I am one of these people. I believe all sports are good for building character and teaching young athletes how to be successful in life. Sports teach lessons of grit, drive, focus, camaraderie and delayed gratification; however, I think there is one lesson that is overlooked. That is, overlooked in all sports other than baseball and softball.

Failure. 

Most people hate to see this word and in some ways I do too. Nobody likes to fail, it sucks, it’s demoralizing, it hurts… it’s beneficial. While nobody should seek out failure, when it happens, it should be embraced. Failure is not the end of the line, it’s a lesson and a motivator.

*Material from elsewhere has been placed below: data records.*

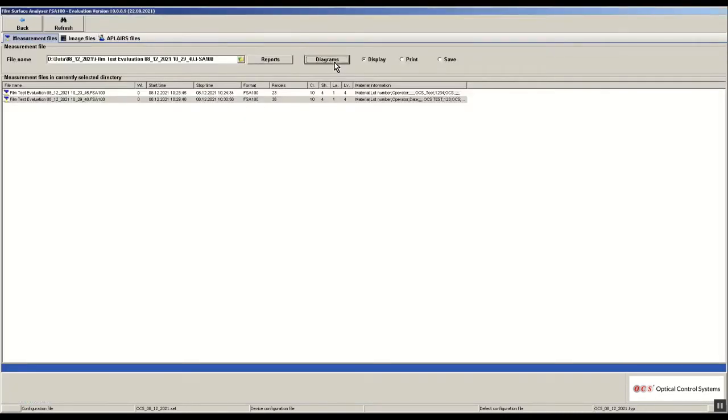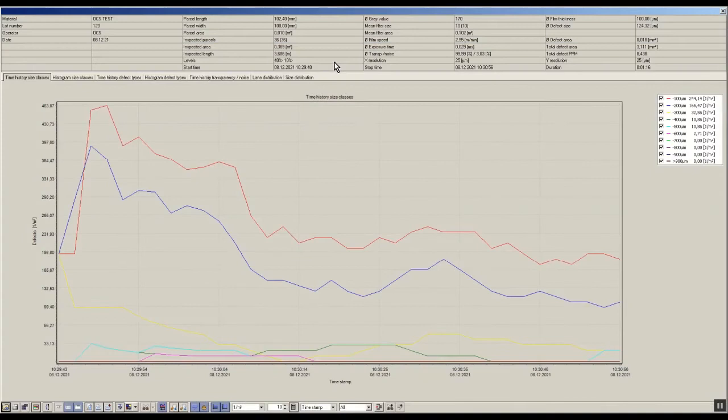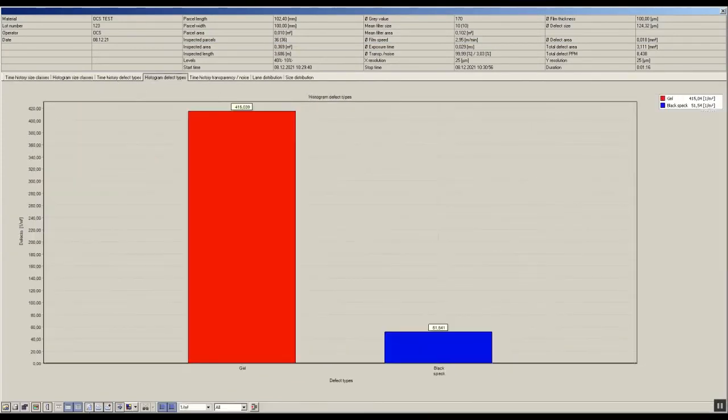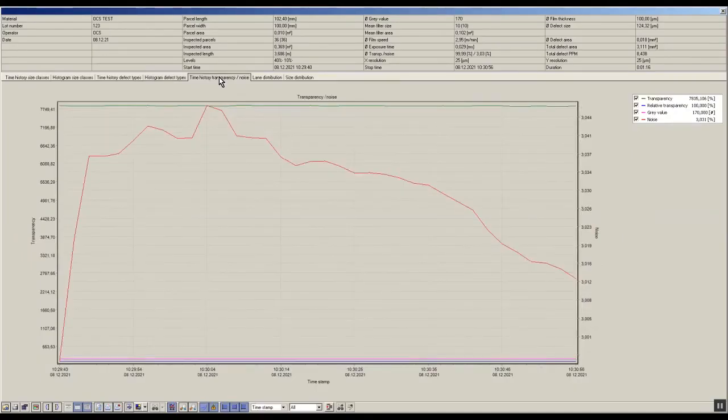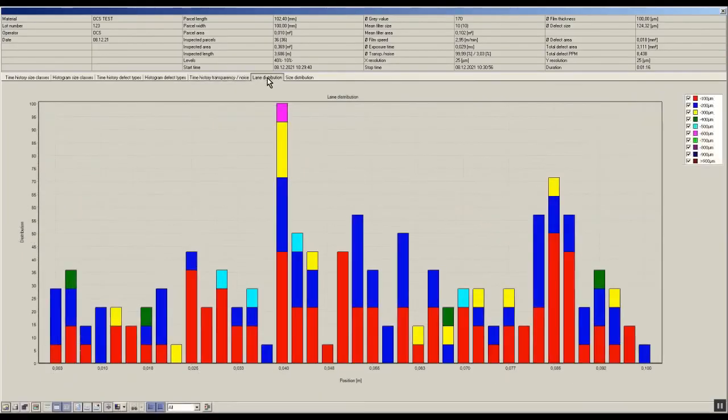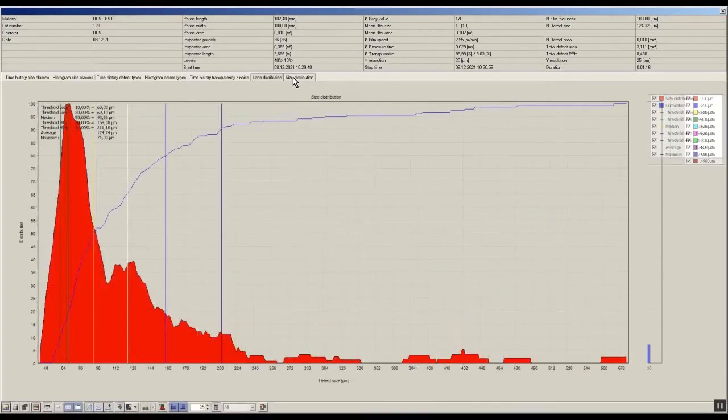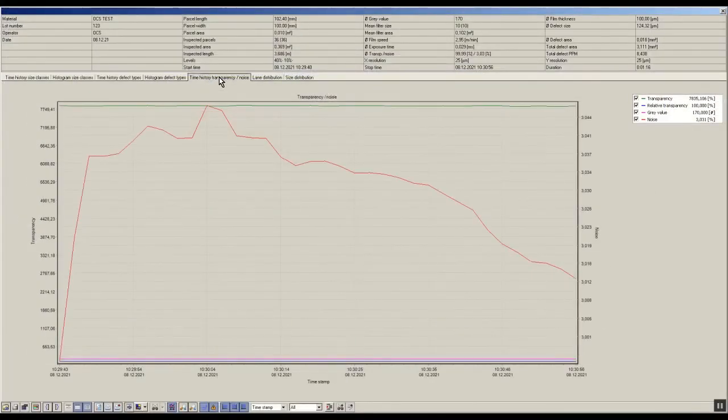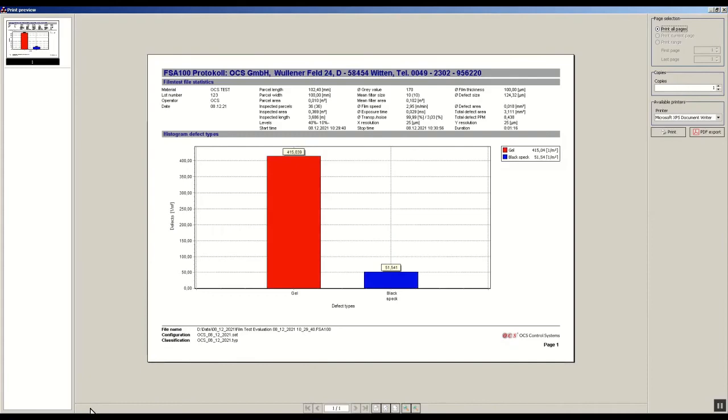The included film test evaluation software will allow you to open all measurement files during and after the measurement. With this software you can evaluate all diagrams and tables. It is very easy to export the diagrams and tables to a PDF document, and a printout can be created.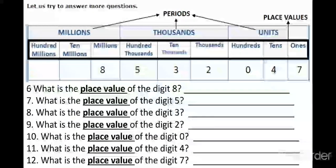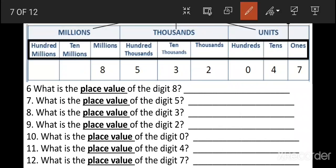Let us try to answer more questions. Question 6: What is the place value of the digit 8? Using the place value chart, where is number 8? It's here. What is the place value of the digit 8? The answer is millions. Now I want you to write millions here. Is that clear? Very good. Now, using the place value chart and reading numbers 7, 8, 9, 10, 11, and 12, I want you to write the place value of the mentioned digits. Pause this video and answer all the questions.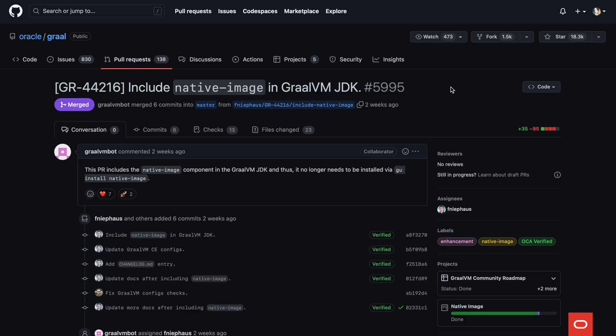With GraalVM, you can compile Java bytecode into a platform-specific, self-contained, native executable to achieve a faster startup and smaller footprint for your application. This native image functionality will now be available by default, so you will no longer need to install it with the GraalVM updater tool.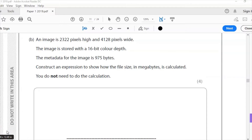An image is 2322 pixels high and 4128 pixels wide. The image is stored with a 16-bit colour depth. Metadata for the image is 975 bytes — metadata is extra data added to the image file containing information such as resolution and number of colours. Construct an expression to show how file size in megabytes is calculated. You do not need to do the calculation.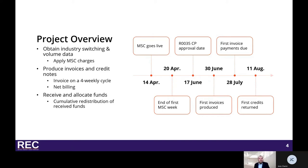The first invoices for the scheme are due to be produced on the 30th of June. This will be an initial invoice covering the period from the start of the scheme, and following this, invoices will be produced on a four-weekly basis.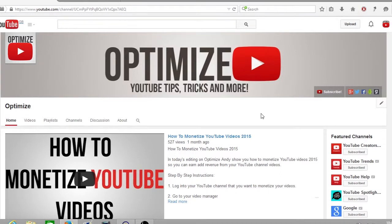First off, why would you want to download a YouTube video? We all know we can download our own videos right from our video manager, but there is a short trick that you can use to quickly download any video on YouTube. You may want to use this if there is a creative commons video, which allows you to use their content in your videos.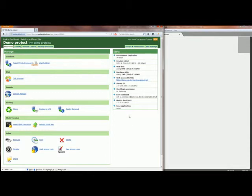Hello, I'm Konstantin from WebEnabled team and in this video I'm going to show you how you can access your development environment on WebEnabled using SSH.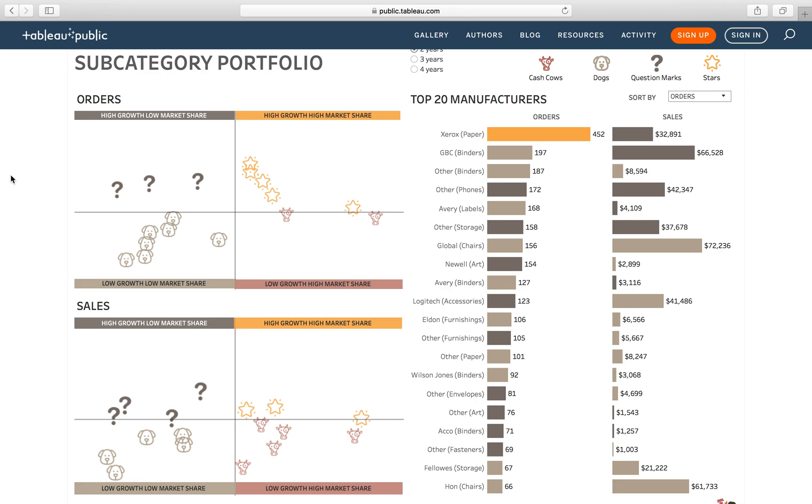This week on Tableau Tip Tuesday, I'm going to show you how to calculate market share. This is going to be using table calculations and level of detail calculations.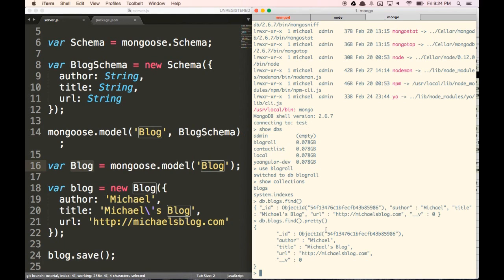That's how we set up Mongoose for our app. We'll stop here for this video. In the next video, we're going to talk about how to do GET and POST requests so that we can get data from our database as well as post data to it. Stay tuned for that video — that's all for now.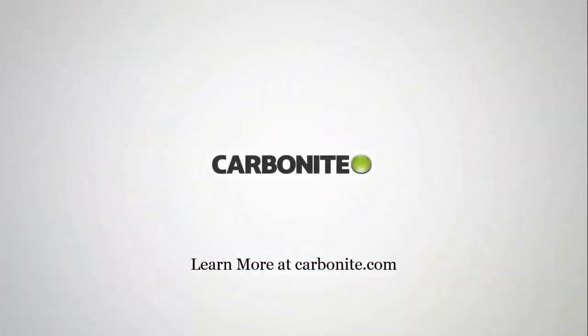This brings us to the end of the Carbonite Cloud Migration demonstration. To learn more and to stay informed, please visit us at Carbonite.com. I'd like to thank you for your time, and have a great day.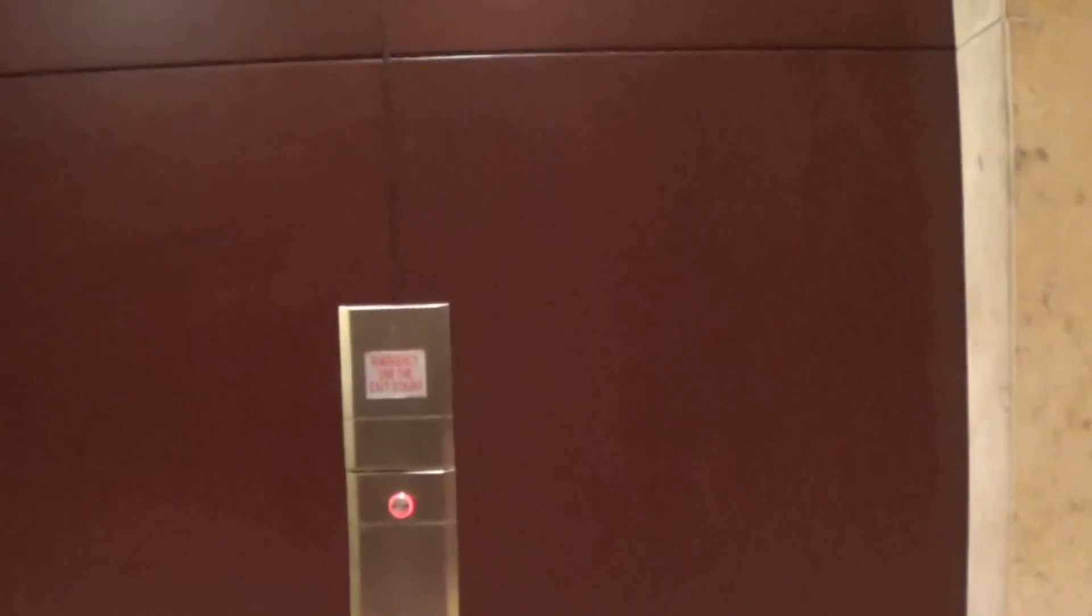These elevators are amazing. Here it is. Okay, ready to go down? Let's hit L.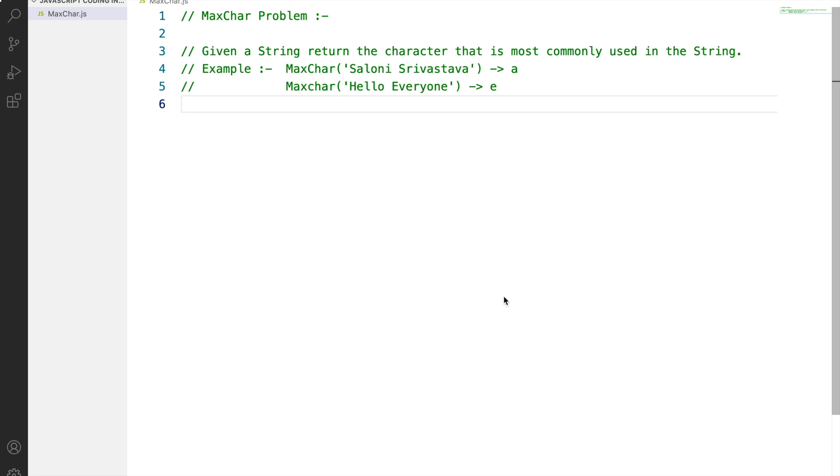Hello everyone and welcome to my channel. I hope you are healthy and safe at your home. So I am back yet again with another video on the JavaScript coding interview series and today's question is the MaxChar problem.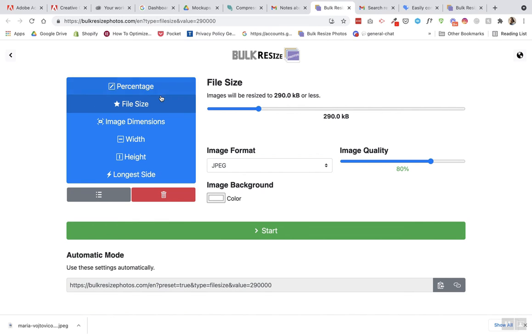Bulkresizephotos.com. Well it's been great helping you guys. I hope you liked this video. If this helped you compress and resize and make your photos smaller, please like and subscribe.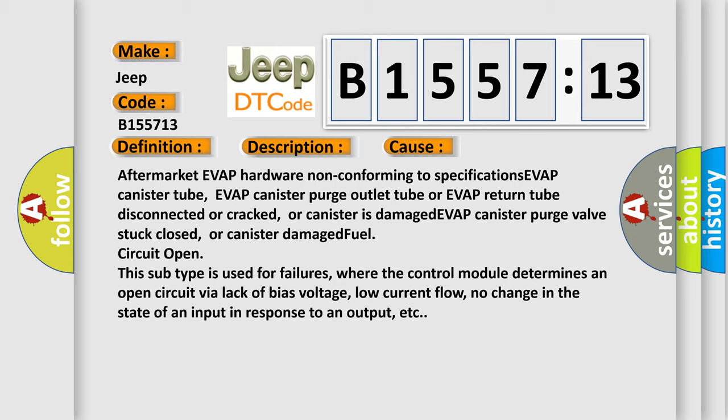Aftermarket EVAP hardware non-conforming to specifications, EVAP canister tube, EVAP canister purge outlet tube or EVAP return tube disconnected or cracked, or canister is damaged, EVAP canister purge valve stuck closed, or canister damaged fuel circuit open. This subtype is used for failures where the control module determines an open circuit by a lack of bias voltage, low current flow, no change in the state of an input in response to an output, etc.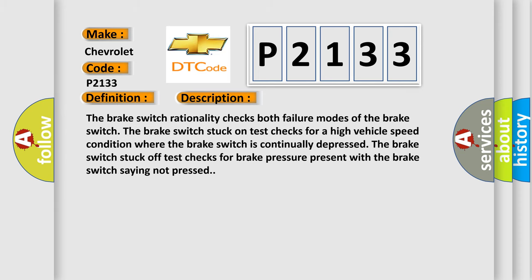The brake switch rationality checks both failure modes of the brake switch. The brake switch stuck on test checks for a high vehicle speed condition where the brake switch is continually depressed. The brake switch stuck off test checks for brake pressure present with the brake switch saying not pressed.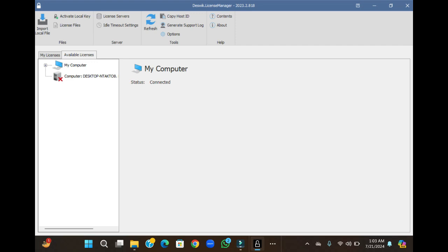When you install the software on Windows 11, you will get no connection or disconnected status. For this, in Windows 11, go to the import file.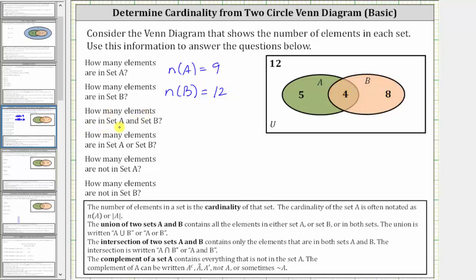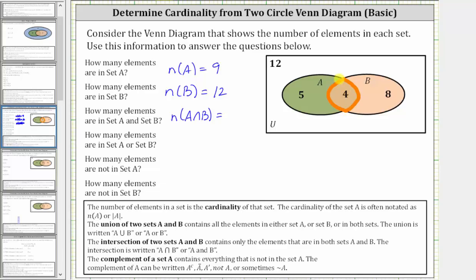Next, how many elements are in set A and set B? This refers to the intersection of set A and set B, where the intersection of two sets A and B contains only the elements that are in both sets A and B. The intersection is written using one of these two notations here. So the number of elements in set A and set B is equal to the cardinality of A intersect B. Looking at the Venn diagram, the intersection of set A and B is the overlapping region, and the number of elements in this overlapping region is four. Therefore the cardinality of A intersect B is equal to four.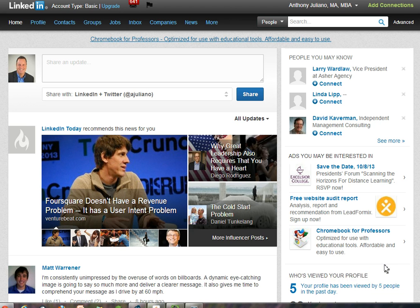LinkedIn is different from other social media sites in that it actually allows you to, in effect, reverse-stalk other users. You can see when certain users have viewed your profile. What determines that is their settings — whether or not they have chosen to remain anonymous.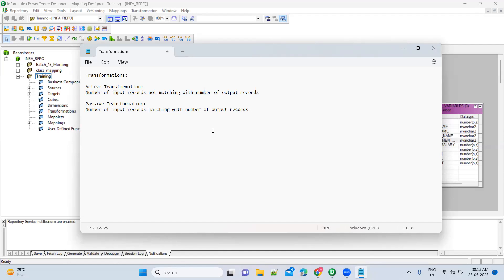For example, you are passing around 10 records into your transformation. If you are getting only five records, or 15 records, or 20 records, then the number of input records are not matching with the number of output records. At that time you call that an active transformation.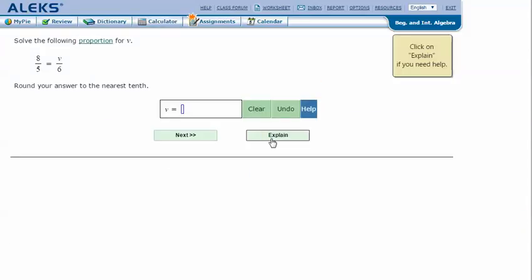Here's an example problem. Solve the following proportion for v: 8 over 5 equals v over 6. Round your answer to the nearest tenth.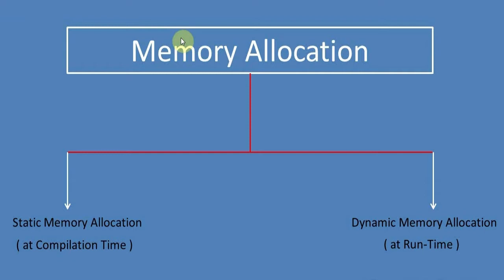But in dynamic memory allocation, the space is allocated on the fly. On the fly, I mean to say when the program is in execution stage. That means the program is getting executed and at that time we allocate the space.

In life you will fail a lot, and we have to learn to not only live with that failure, but to learn from it. This is the lesson that is highlighted in baseball and softball more than any other sport. In this game, you will always fail more often than you succeed; that’s just how the game works. In this game you have 9 innings, if you fail in the first you have 8 more innings to keep going. This teaches young athletes about perseverance and having a short memory. And for the exceptional athlete it pushes them. Failure haunts them and bites at their heels until they work themselves hard enough to where those failures become less frequent.  But, the great thing about the game is there’s always a new motivator, a new failure to eat at you and make the carrot of success dangling in front of your face, look even more desirable..

This lesson, failure, I would argue is the most valuable lesson that can be taught. In life I’ve failed a lot of times.

Whether it was a test I failed, a job I didn’t get, a team I didn’t make or a person I let down. Those failures haunt me and drive me to be a better person, drive me to work that much harder. If there is one thing I have learned from baseball and failure throughout my life, it’s that you don’t fail when you fall short of success, you fail when you give up.